Characterization, in Vivo Evaluation, and Molecular Modeling of Different Propofol–Cyclodextrin Complexes To Assess Their Drug Delivery Potential at the Blood–Brain Barrier Level

In this study, we investigated the ability of the general anesthetic propofol (PR) to form inclusion complexes with modified β-cyclodextrins, including sulfobutylether-β-cyclodextrin (SBEβCD) and hydroxypropyl-β-cyclodextrin (HPβCD).

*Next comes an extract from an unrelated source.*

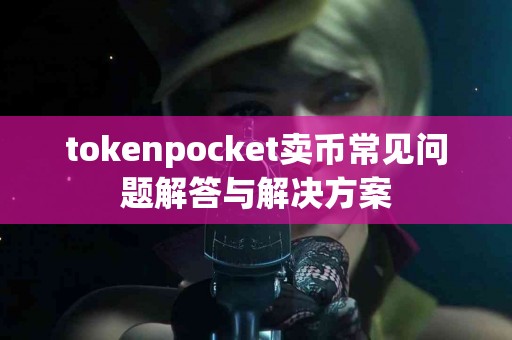 tokenpocket卖币常见问题解答与解决方案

The PR/SBEβCD and PR/HPβCD complexes were prepared and characterized, and the blood–brain barrier (BBB) permeation potential of the formulated PR was examined in vivo for the purpose of controlled drug delivery. The PR/SBEβCD complex was found to be more stable in solution with a minimal degradation constant of 0.25 h–1, a t 1/2 of 2.82 h, and a K c of 5.19 × 103 M–1 and revealed higher BBB permeability rates compared with the reference substance (PR-LIPURO) considering the calculated brain-to-blood concentration ratio (logBB) values. Additionally, the diminished PR binding affinity to SBEβCD was confirmed in molecular dynamics simulations by a maximal Gibbs free energy of binding (ΔG bind = −18.44 kcal·mol–1), indicating the more rapid PR/SBEβCD dissociation. Overall, the results demonstrated that SBEβCD has the potential to be used as a prospective candidate for drug delivery vector development to improve the pharmacokinetic and pharmacodynamic properties of general anesthetic agents at the BBB level.